Hedge funds / carried interests

During my month out of the country, I was sufficiently in touch via the Internet & e-mail to realize how dominant the hedge funds / carried interests issue has remained in Washington tax policy thinking. This bemused me a bit, on the view that, of all the important things in our society that tax policy can affect, this doesn't necessarily rise to the top as Issue # 1. As always happens when an issue takes off politically, symbolism is clearly an important part, here relating to the general trend of rising inequality in the U.S., in particular or at least at the very top, and the policymaking trend in recent years of doing less to address inequality rather than more. The hedge fund managers with their multi-million dollar paydays and deferred 15 percent tax rate are just one piece of the larger picture, but are naturally felt to stand for the whole thing.

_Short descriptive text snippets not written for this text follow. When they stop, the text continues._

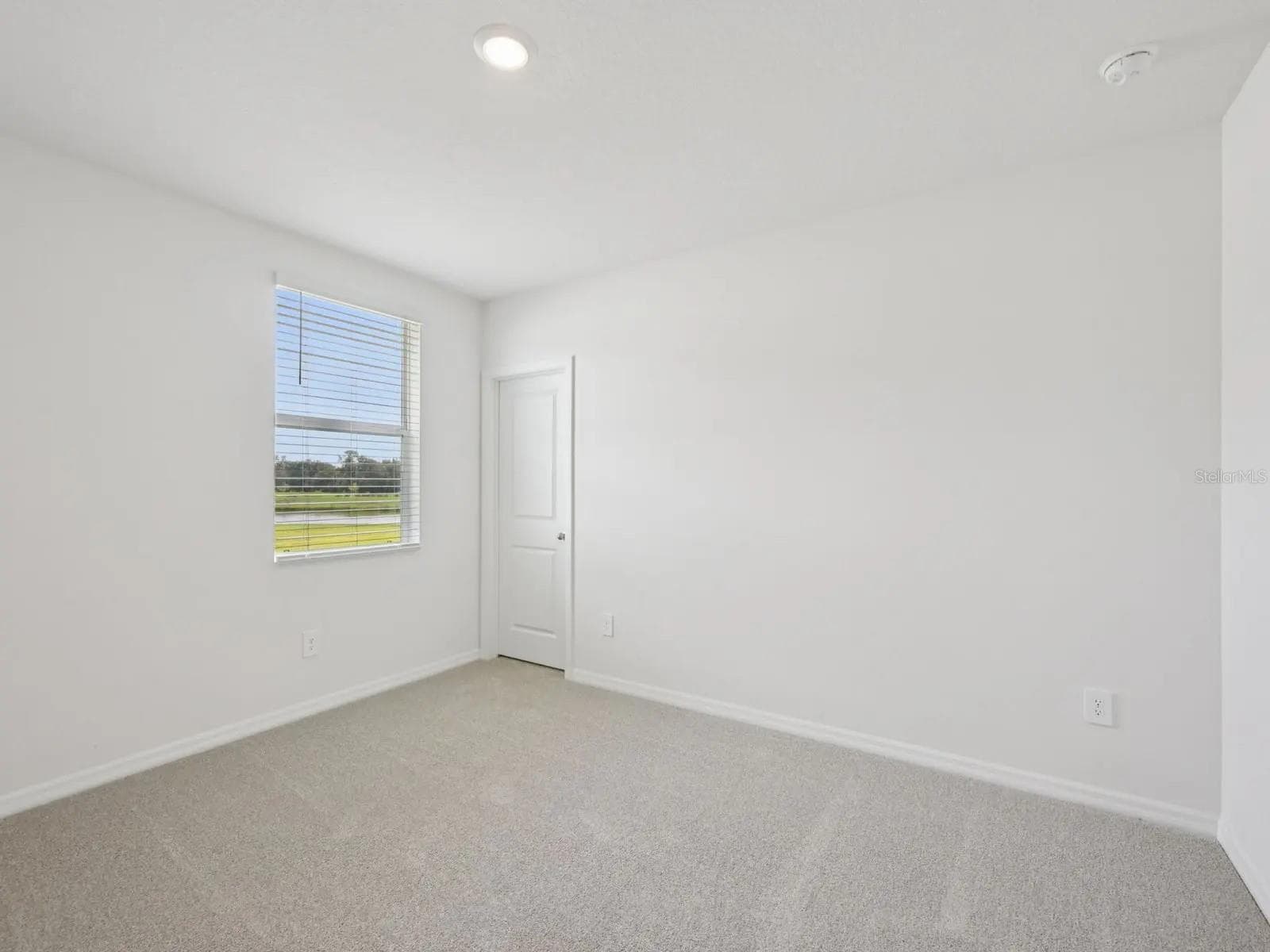 Single Family Residence at 7211 RAY CREEK DR, BROOKSVILLE, photo 4 of 12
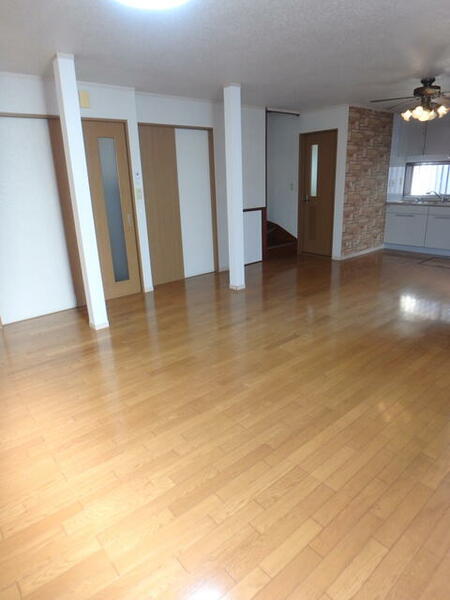 detached 埼玉県坂戸市芦山町

地図を見る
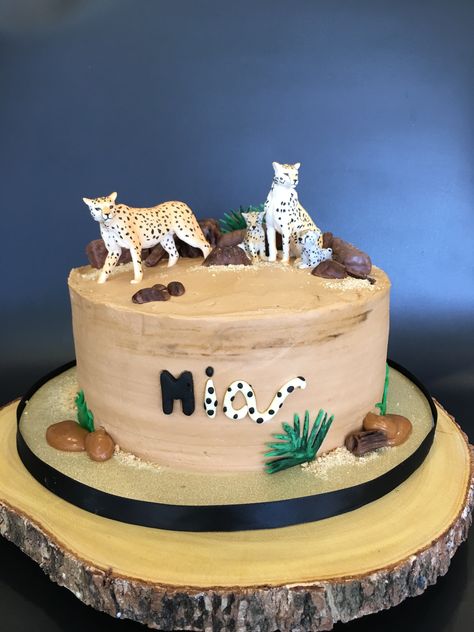 Cheetah Birthday Party Ideas Kids, Cheetah Cake Birthday, Jungle Theme Birthday Cake, Cheetah Birthday Cakes, Jungle Birthday Cake, Jungle Themed Cake, Cheetah Cake, Cheetah Birthday Party, Cheetah Cakes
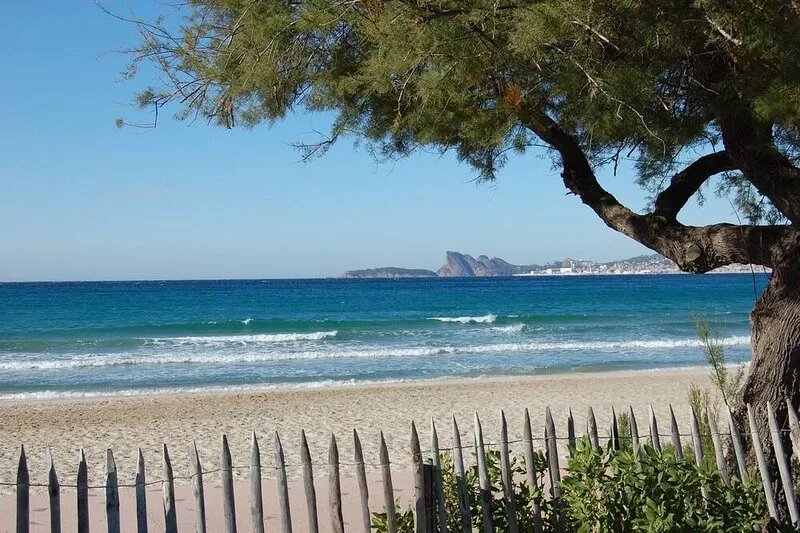 Pretty villa with large spacious terrace 450m from Lecques beach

Not to deny that there is significant money at stake here. And the transactionally related issue of the Blackstone IPO slicing a big hole in the previously prevailing rule that publicly traded entities are taxed as C corporations adds to the importance of what's going on with the hedge funds, as that could conceivably reshape the choice of entities landscape a bit. So the issues certainly merit attention, even if their comparative prominence is a bit peculiar.

While I feel strongly impelled to comment on publicly prominent tax issues like this one, I do have an "art for art's sake" side that prefers issues to be intellectually interesting rather than publicly prominent (albeit that actual social importance counts heavily in my metric as well). But I am starting to think that the issues here are indeed pretty interesting for their own sake, on the conceptual as well as the practical design level.

One seemingly under-appreciated issue in debate so far concerns the significance of the corporate tax to how we think about the hedge fund managers who pay little tax on huge compensation deals. Suppose the manager gets $100 million, is taxed only at the 15 percent capital gains rate, perhaps a couple of years down the road, and that the other partners are tax-exempt so that their not deducting the fee is irrelevant. There is still one more level to consider, if what the partnership does is invest in C corporations. What about the corporate-level tax on those corporations? Does it matter to the analysis?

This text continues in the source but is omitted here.